» INFORMATION PROVIDED
══════════════════════════════

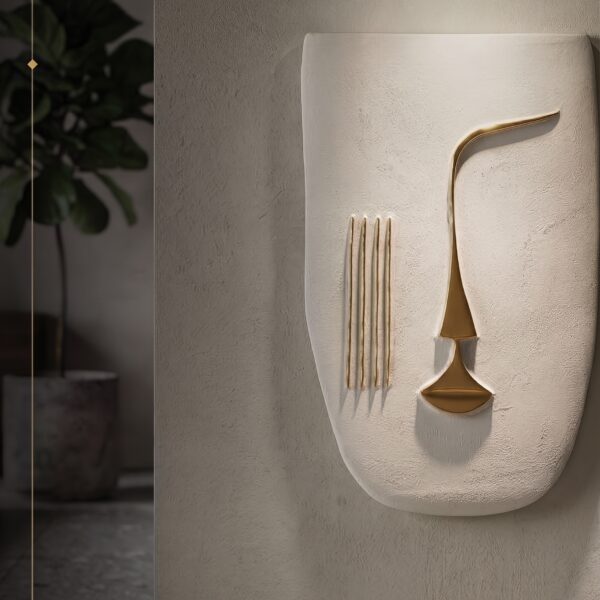 Decoracion pared Mumbasa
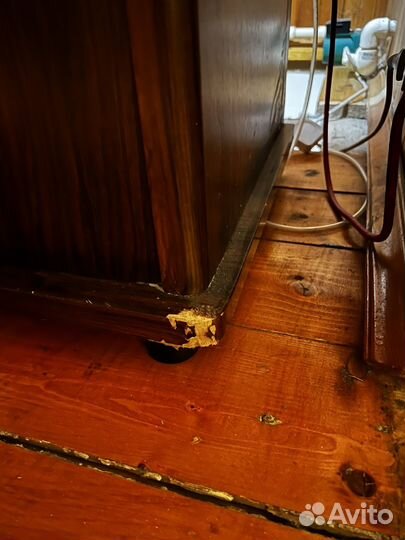 Аквариум с тумбой 180 литров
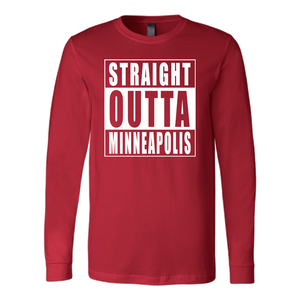 Straight Outta Minneapolis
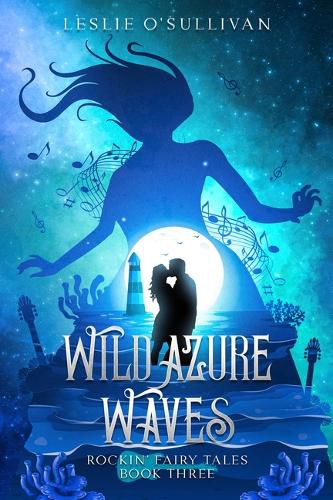 Cover image for Wild Azure Waves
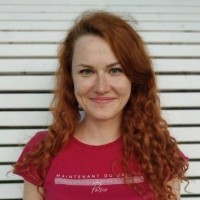 Natallia Zhur (Louchaya)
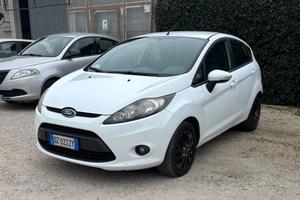 Ford Fiesta 1.4 5 porte Bz.- GPL Titanium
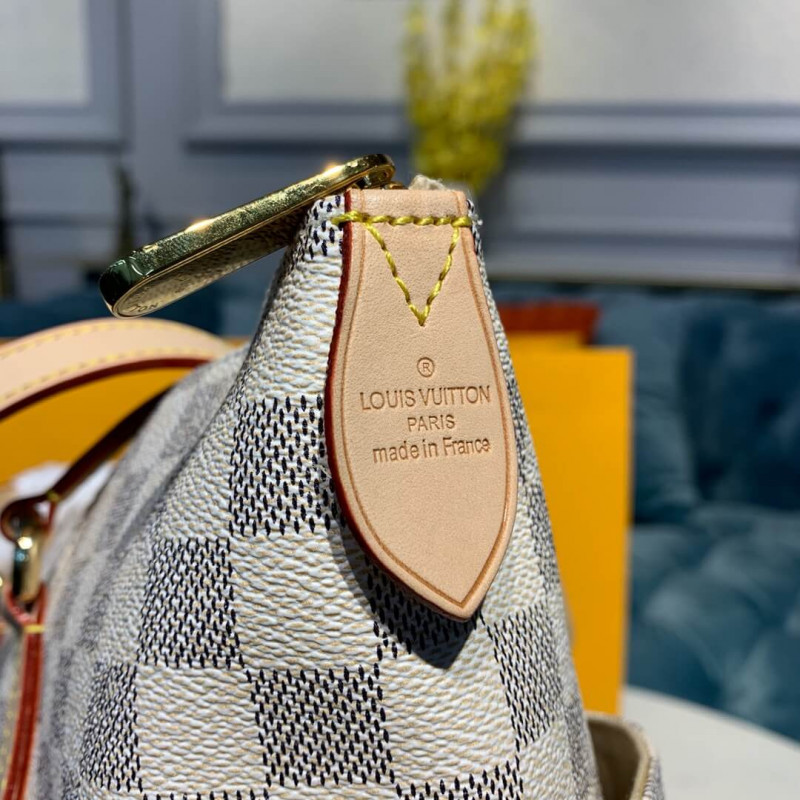 Replica Louis Vuitton Damier Azur Canvas Totally Mm N51262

══════════════════════════════

Print exactly, and only, the lines from the one with "Ford Fiesta 1.4 5 porte Bz.- GPL Titanium" through the last line of the listing above. No pictures belong in the copy.

» RESULT OF THIS TASK
 Ford Fiesta 1.4 5 porte Bz.- GPL Titanium
 Replica Louis Vuitton Damier Azur Canvas Totally Mm N51262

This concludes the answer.